PLEASE NOTE: This is a linear driver, not a switchmode driver. What that means is that if the input voltage is much higher than the LED voltage, it will generate a LOT of heat. In most applications it will need to be attached to a large heatsink to prevent overheating. Most handheld lights will overheat if driven at high currents for more than short periods. The amount of power dissipated in the driver can be calculated using the following equation:

P = (Vin-Vled) * Iled.

The efficiency of this driver depends entirely on the choice of battery and LED, and the wiring configuration. In the basic configuration, the efficiency can be calculated using the following equation:

Eff = Vled/Vbat

The price is $35.00 each plus postage, prepaid. I use USPS flat-rate box at $5.80 within the US. Most international shipments are a flat $20.00 fee. PM me before ordering if you want it shipped outside the US. You may be liable for import duty or other fees, which can be substantial. Please contact your customs office if you are concerned.

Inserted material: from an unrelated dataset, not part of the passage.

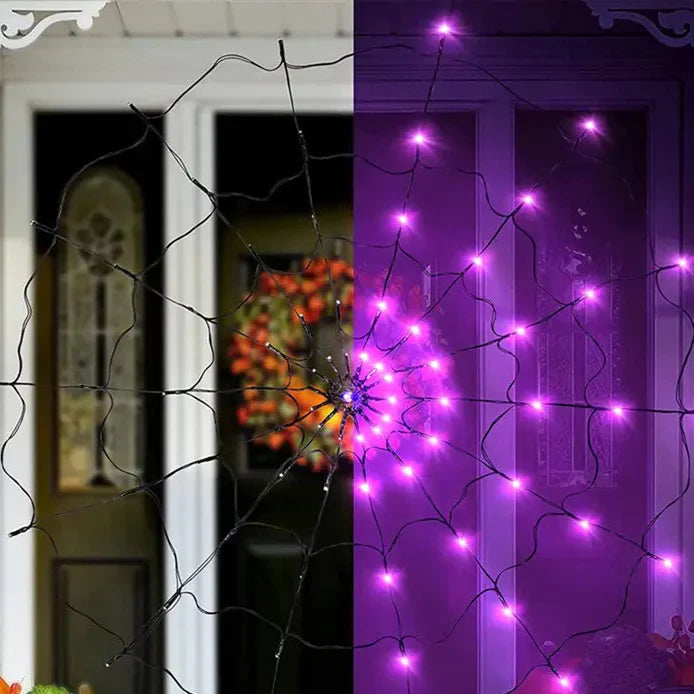 Halloween Spindelnät Ljusslinga – LED Lila & Orange för spöklik festdekoration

I recommend 4-C shielded w/drain cable for remote location of mode switches, pots, etc. Since it's hard to buy in small quantities, I am stocking that too. Price is 1-9 feet, $0.50/ft. 10-49 feet, $0.40/ft. 50+ feet, $0.30/ft.

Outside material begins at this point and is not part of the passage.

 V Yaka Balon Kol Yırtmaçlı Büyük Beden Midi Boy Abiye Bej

Payment is paypal (dlburdette 'at' juno 'dot' com). If you want to pay some other way, let me know. Please put your username in the Paypal notes so I can match up posts with payments. Thanks!

Since there are six different versions, these are usually made to order. I usually ship within 2-3 days of receiving your payment. Please make arrangements with me prior to ordering if you need a specific delivery schedule.

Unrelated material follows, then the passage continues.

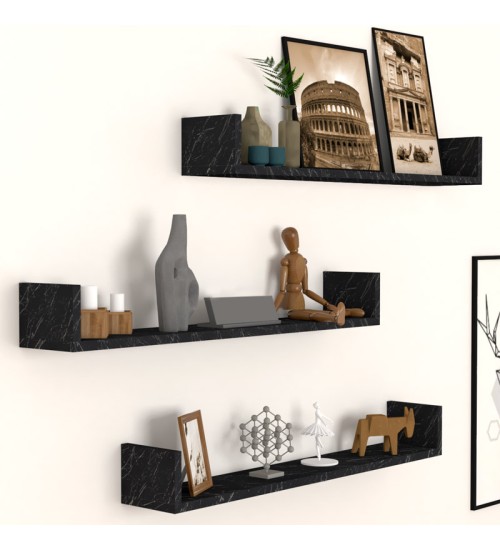 Ραφιέρα τοίχου 3 τεμαχίων από μελαμίνη χρώμα μαύρο εφέ μαρμάρου 90x15x12εκ.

I currently have in stock:Single-cell:​10A - qty 1​16.7A - qty 1
25A - qty 1​Multi-cell:​10A - qty 1
16.7A - qty 1​25A - qty 1
​I can currently make at least 5 of any version in a few days.


----------



## gofastman (Mar 3, 2015)

Any chance the 25A version could be made on a ≤26mm board for c cell Maglites?


----------



## DIWdiver (Mar 3, 2015)

No.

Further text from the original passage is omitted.